Duke Energy Spending Billions of Dollars to Address Coal Ash Pollution in North Carolina
A press release issued by the N.C. Department of Environmental Quality (DEQ) on April 1, 2019 (https://deq.nc.gov/news/press-releases/2019/04/01/deq-orders-duke-energy-excavate-coal-ash-six-remaining-sites), stated that “DEQ ordered Duke Energy Progress, LLC to excavate all remaining coal ash impoundments in North Carolina. After conducting a rigorous scientific review of Duke Energy’s proposals for Allen, Belews, Cliffside/Rogers, Marshall, Mayo and Roxboro facilities, and conducting public listening sessions in impacted communities, DEQ has determined excavation of all six sites is the only closure option that meets the requirements of Coal Ash Management Act to best protect public health. The coal ash must be disposed of in a lined landfill.” An article posted by Utility Dive (https://www.utilitydive.com/news/duke-north-carolina-coal-ash-pond-excavation-order-to-cost-4-5b/551788/) stated that “Duke estimates costs to comply with the new order will add $4-5 billion to the current $5.6 billion clean up, covering construction and engineering as well as transporting the actual waste….” According to Utility Dive, “[t]he decision by North Carolina regulators to require excavation rather than “cap-in-place” echoes similar directives from state leaders and utilities in Virginia and Georgia, representing wins for environmentalists who argue the only safe way to protect groundwater from coal ash is to fully excavate the ponds and move the ash to plastic-lined pits or recycle it. Most utilities prefer the “cap-in-place” method,” which is a significantly less expensive remediation alternative.
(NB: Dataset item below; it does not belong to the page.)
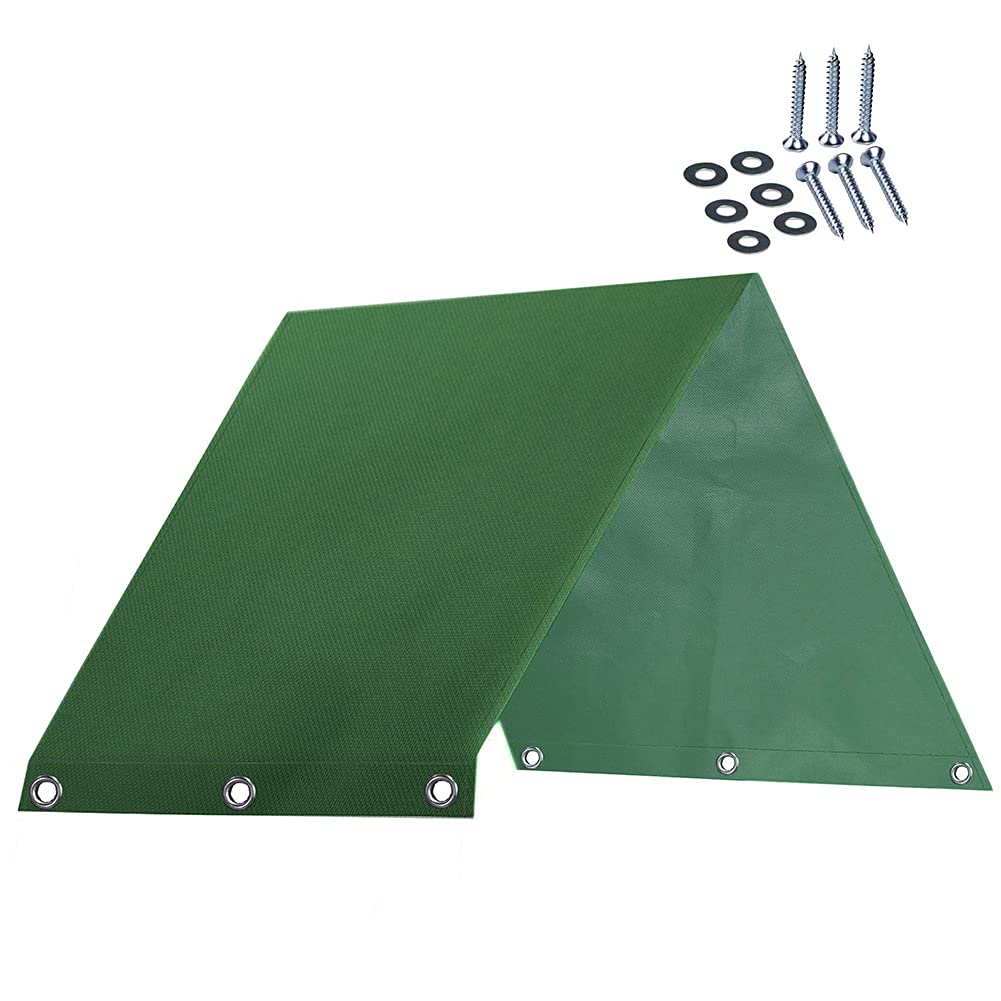 HAKUNA 90 x 43 Inch Waterproof Playground Canopy Replacement - Durable Sunshade Cover for Swing Sets, Outdoor Play Areas & Backyards - UV Protection & Weather Resistant for Kids' Safe Play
Environmental Liability Take-Away: Do not put your guard done just because a waste stream has been excluded from RCRA Subtitle C requirements for hazardous waste. When it comes to management of wastes, avoid the penny-wise dollar foolish approach.
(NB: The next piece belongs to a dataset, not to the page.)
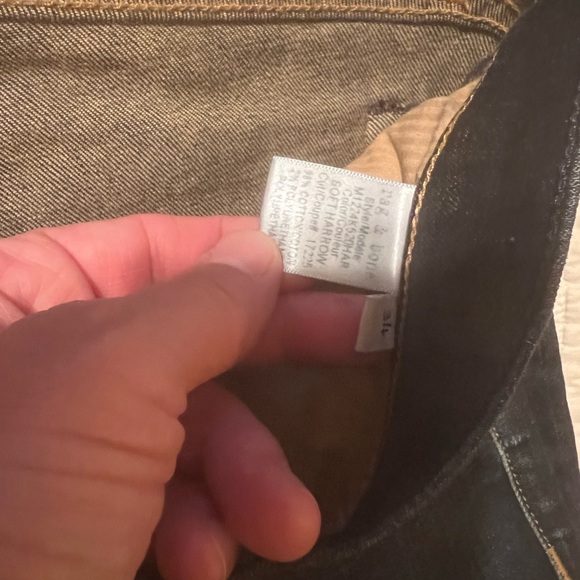 Rag and bone fit 1 extra slim 34 blue jeans - Picture 8 of 13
Remember: the definition of hazardous substances under CERCLA is broad; RCRA hazardous wastes are merely a subset of CERCLA hazardous substances. Having cut my teeth as a CERCLA enforcement attorney assigned to large mining sites that were the subject of extensive and expensive removal and remedial actions, I have always cautioned clients and students to be mindful of potential response action exposure from the failure to properly manage and dispose of substances that are not hazardous wastes under RCRA but are hazardous substances that may pose an imminent and substantial endangerment to human health or the environment. Thus, generation of mining wastes that are “Bevill-exempt” from RCRA hazardous waste designation, may still result in CERCLA liability. Used oil is another example. Generators of used oil, which is not a listed hazardous waste and is subject to relaxed standards under 40 CFR Part 279, have been identified as potentially responsible parties (PRPs) when their used oil ended up at NPL sites.
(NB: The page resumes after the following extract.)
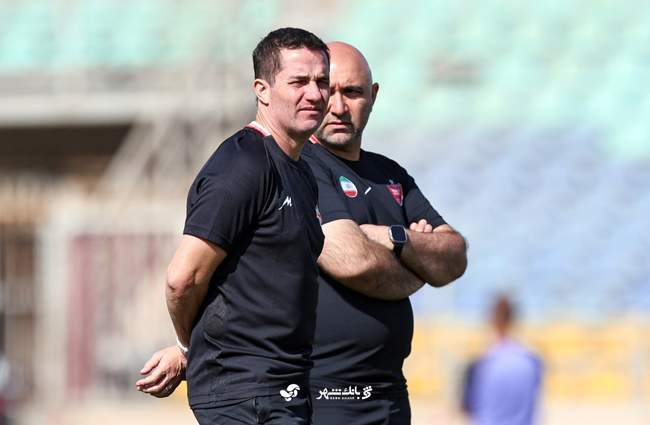 گزارش تصویری تمرین امروز پرسپولیس با یک مهمان ویژه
In my mind, management of coal ash is subject to the same paradigm. In the absence of strong regulatory standards, industry adopted standard operating procedures for coal ash disposal that in hindsight have proven to cause substantial environmental damage and are now deemed to be inadequate. As a result, much like the hard rock mining industry in the Rocky Mountain region, enormous response costs are now being borne by utilities who have generated and disposed of coal ash in the past.
Finally, do not allow the reduced specter of environmental enforcement and response action exposure under the current Administration to lull you into a false sense of security. Powerful state laws like the North Carolina Coal Ash Management Act (CAMA) and active attention from environmental groups and stakeholders remain a viable force. Moreover, the environmental regulatory pendulum will swing back… probably with a vengeance. So, keep your eyes open, keep doing your due diligence to comply with environmental requirements and minimize response action exposure. In other words, don’t lead with your chin!